We also leverage [cross-Stack references](
http://docs.aws.amazon.com/AWSCloudFormation/latest/UserGuide/walkthrough-crossstackref.html) to wire up references.

This approach means that you can still leverage all of the same CloudFormation tooling on AWS should you need to.  For
example, your IT team might have existing policies and practices in place that can be kept.  Managing Stacks through the
Mu tools, however, is still ideal, as it is easier to keep your code, metadata, and live site in synch.

TODO(joe): we need a strategy for dealing with AWS limits exhaustion; e.g.
    http://docs.aws.amazon.com/AWSCloudFormation/latest/UserGuide/cloudformation-limits.html.

TODO(joe): should we support "importing" or "referencing" other CloudFormation Stacks, not in the Mu system?

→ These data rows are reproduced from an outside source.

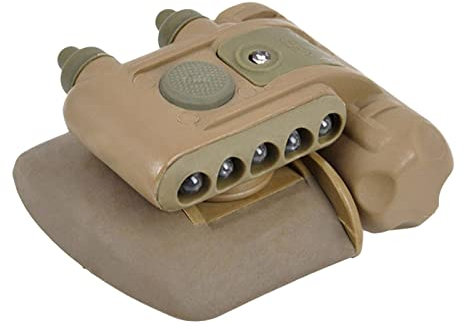 Fenteer Taktisches Helmlicht LED Taschenlampe Jagd Überlebenssignal IFF Licht, Braun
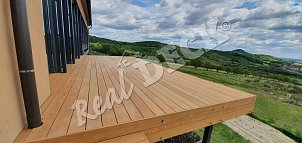REAL DECK Garapa 22x145 mm smooth, natural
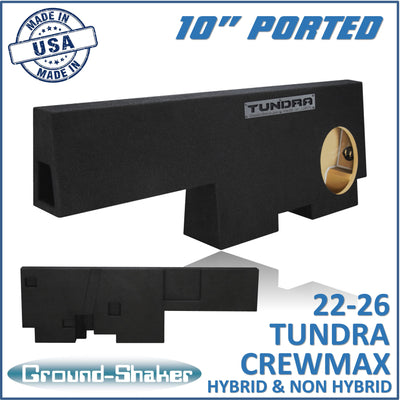 Ground Shaker GS-TOYMXP110B subwoofer enclosure for Fits 22–26 Toyota Tundra CrewMax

The most interesting question is how Mu projects the primitive concepts in the system into CloudFormation metadata.  For
most Stacks, this is just "composition" that falls out from name substitution, etc.; however, the primitive concepts
introduce "abstraction" and therefore manifest as groupings of physical constructs.  Let us take them in order.

TODO(joe): I'm still unsure whether each of these should be a custom CloudFormation resource type (e.g.,
    `Mu::Container`, `Mu::Gateway`, etc).  This could make it a bit nicer to view in the AWS tools because you'd see
    our logical constructs rather than the deconstructed form.  It's a little less nice, however, in that it's more
    complex implementation-wise, requiring dynamic Lambda actions that I'd prefer to be static compilation actions.

`mu/container` maps to a single `AWS::EC2::Instance`.  However, by default, it runs a custom AMI that uses our daemon
for container management, including configuration, image pulling policies, and more.  (Note that, later on, we will see
that running a CaaS layer completely changes the shape of this particular primitive.)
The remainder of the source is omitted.